Rotary International President, Shekhar Mehta, sounded an optimistic note when he spoke at an End Polio Now event at the Palace of Westminster.
Shekhar has been in London this week to attend several Commonwealth Day events, including the annual celebration of Commonwealth Nations at Westminster Abbey.
He heads off to Venice later this week to host the first Presidential Conference of the Rotary year, with a focus on economy and the environment.
In order to achieve the path to zero with polio, we must have access to every single child and every single part of Afghanistan.”
In the Churchill Room overlooking the River Thames, the RI President pointed out that Rotary’s work to fight polio globally was saving 19 million lives.
And he explained that since Rotary forged a lead in the campaign 40 years ago, where once 350,000 children were affected with polio, now there had been five in the last year in just two countries.

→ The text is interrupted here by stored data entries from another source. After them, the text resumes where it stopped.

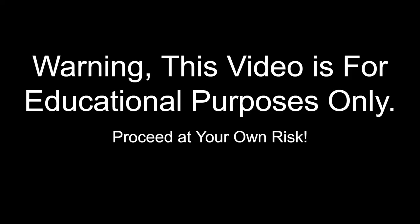Warning, this video is for educational purposes only. Proceed at your own risk.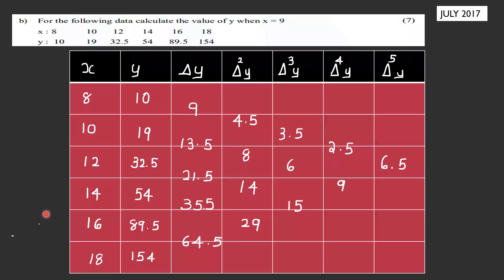Next question: For the following data, calculate the value of y when x = 9 using Newton's forward interpolation formula. The x values are 8, 10, 12, 14, 16, 18 and the y values (theta) are 10, 19, 32.5, 54, 89.5, 154.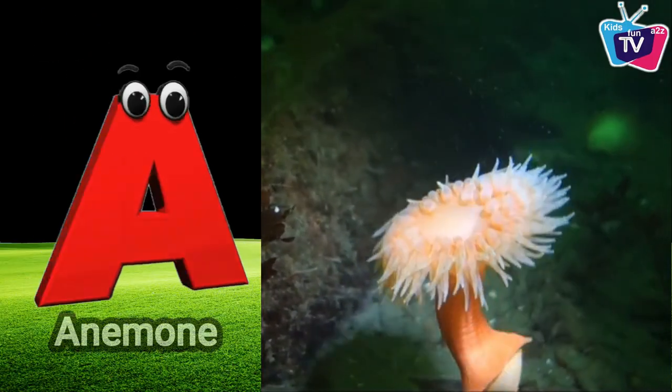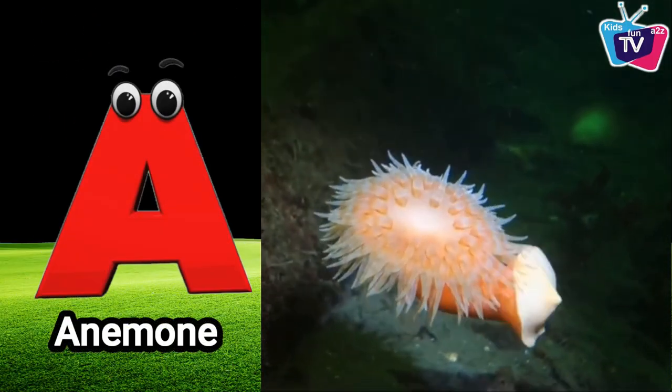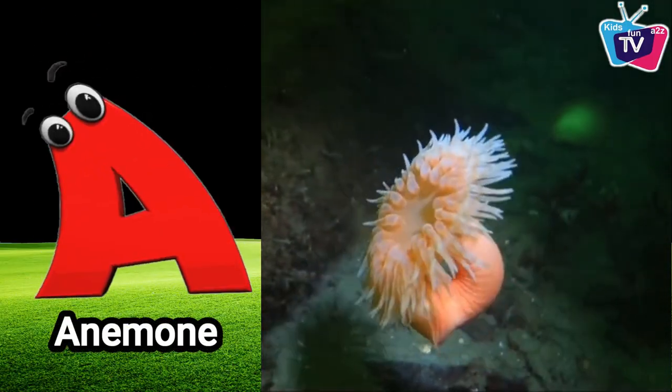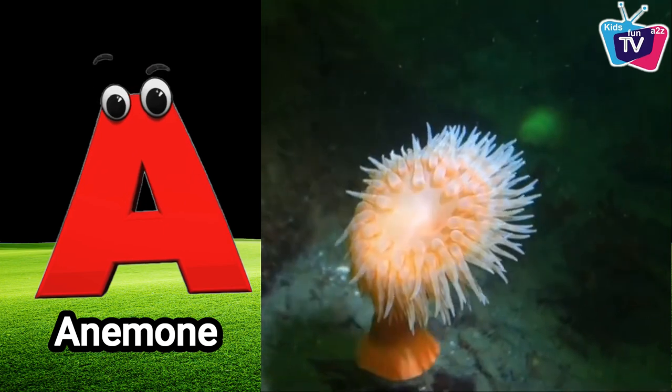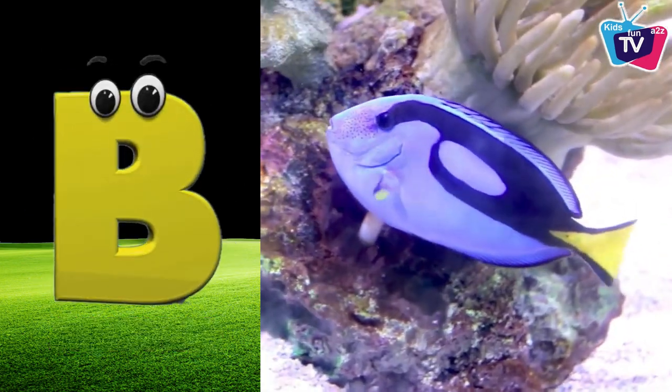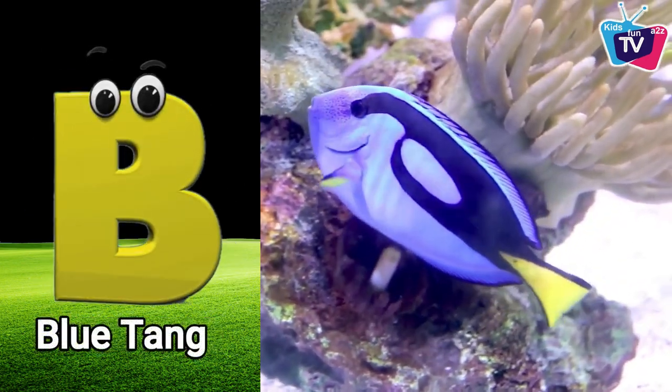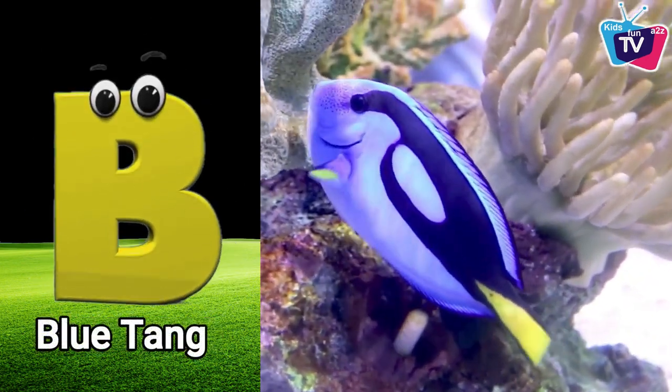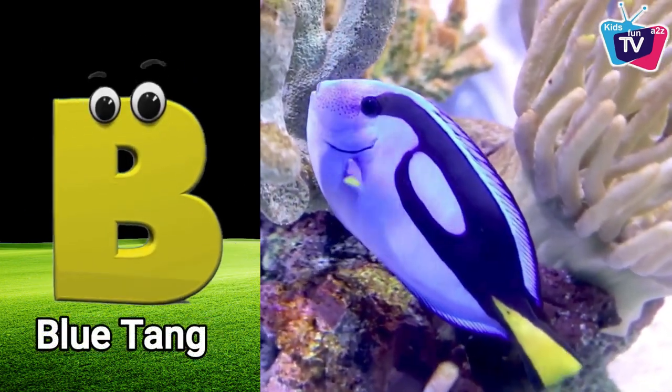A is for anemone. A, a, anemone. B is for blue tang. Bu, bu, blue tang.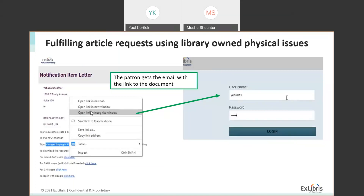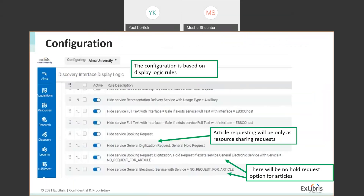A brief check-in from the moderator confirms everyone can still hear and see the session. Someone comments that everything is so clear there are no questions. The presenter is invited to continue.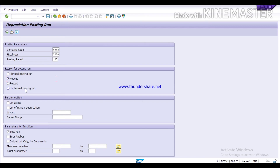The fourth option is Unplanned Posting Run. This is selected when you have skipped a period for some reason and want to post depreciation for multiple periods at once. Unplanned Posting Run is used to run multiple posting periods, whereas Planned Posting Run is used for sequential posting periods.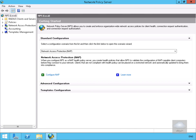This demonstration will look at configuring general NPS settings. In an earlier demo we installed the NPS server role, the network policy server role.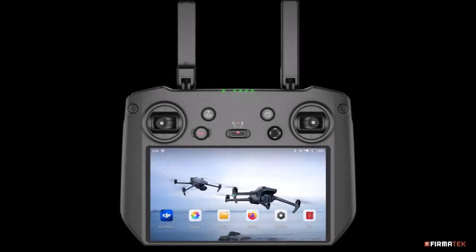Welcome to this tutorial on Mission Planning with the Mavic 3 Enterprise. In this video, we will walk through the entire process of planning a mission, including a few best practices along the way.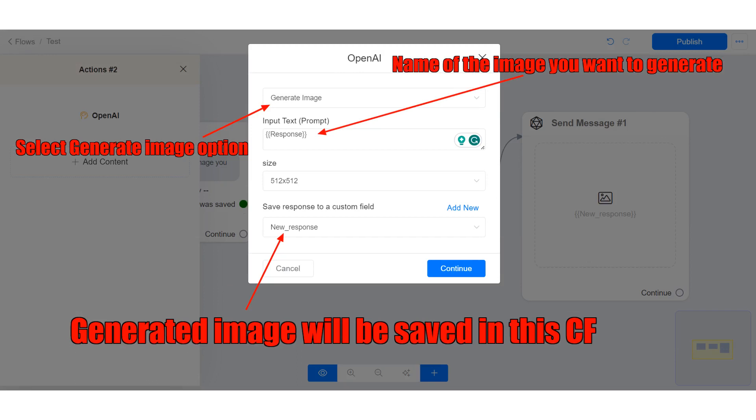Use the custom field where you save the name of the image you want to generate as the prompt. Select the custom field where the image will be saved.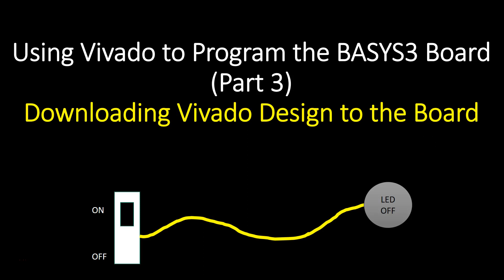Welcome back to part 3. In this part we'll look at how to download our Vivado design to our BASYS3 board.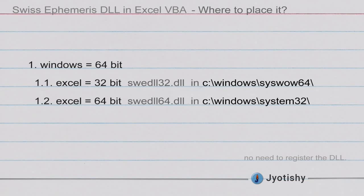In case you are using 64-bit Excel, you need to place it in system32 folder. So only funny part is, in case Excel is 32-bit, you are going to paste it in a Windows folder which has 64 in its name, syswow64. In case you are using Excel 64-bit, you are supposed to put your DLL in a folder of Windows that has 32 in its name, system32. That's a funny part.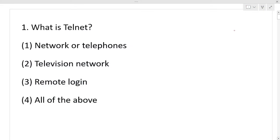Hello everyone and welcome to this class. Today we will practice the computer mock test, where we practice the most important computer questions. Today we will have mixed pattern exam point-of-view questions. On 24 April we will have the exam.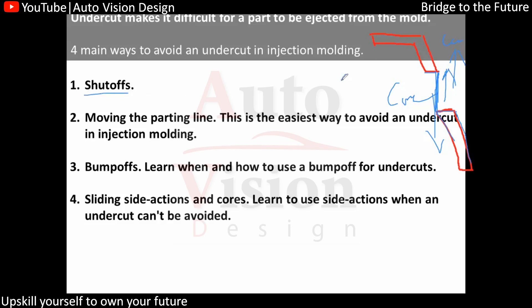This is called a shutoff because this surface of the core and the surface of the cavity will rub on each other while separating — they slide on each other — and for that we need the shutoff. The shutoff angle is mostly seven degrees or five degrees, depending on how much jerk we have. The shutoff removes the jerk between the two parts so that the core and cavity don't get damaged, and there is a smooth transition and sliding of core and cavity.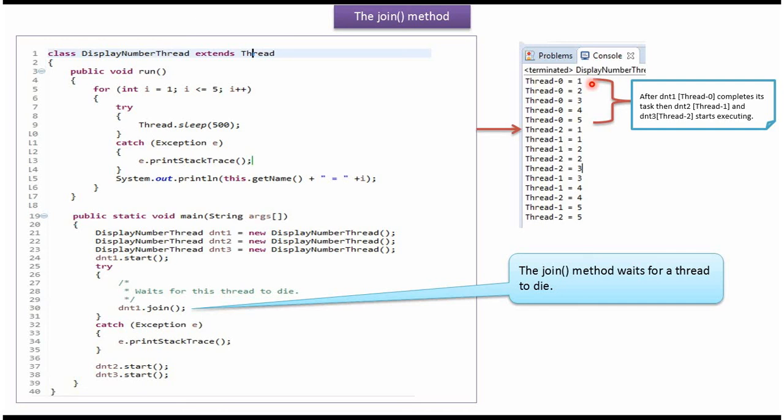From this output we can see that after DisplayNumberThread1 completes its task, then only DisplayNumberThread2 and DisplayNumberThread3 start executing. This is because the join method is called on DisplayNumberThread1.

“It has been a marathon,” he said. “A marathon is run over 42 kilometres, our marathon has been over 40 years. But as with most marathons, the last few miles are the most difficult. When you enter the stadium and everyone is cheering for you, those are still the tough times.
“So we still have a job to do. We have to collect funds, we have to ensure every child is immunised, and I believe we will be able to do that.”
Shekhar also reflected on the deaths of eight vaccinators in Afghanistan last month, killed in four separate attacks in Takhar province in the far north of the country, and in neighbouring Kunduz province. All were engaged in house-to-house visits.
These are the latest deaths in a spate of killings which have dogged vaccinations efforts in recent years.
Polio teams were targeted by insurgent groups in Afghanistan until the Taliban’s takeover last summer, when they said they wanted to work with the United Nations and the World Health Organisation to stamp out the disease.
Shekhar Mehta described these latest deaths as “unthinkable”, adding: “What these deaths won’t do is deter us.”
Aidan O’Leary, the World Heath Organisation’s Polio Director, said that work with the Taliban on a polio eradication programme in Afghanistan had gone well.
“Last year, two-third of the country was inaccessible to vaccinators, but we have now started the first nationwide vaccination campaign in three-and-a-half years. Between November and January, 2.6 million children have been reached and this is a major step forward.”
However, Aidan acknowledged there were still some areas in Afghanistan which were inaccessible through what he described as ‘a mosque-to-mosque mentality’.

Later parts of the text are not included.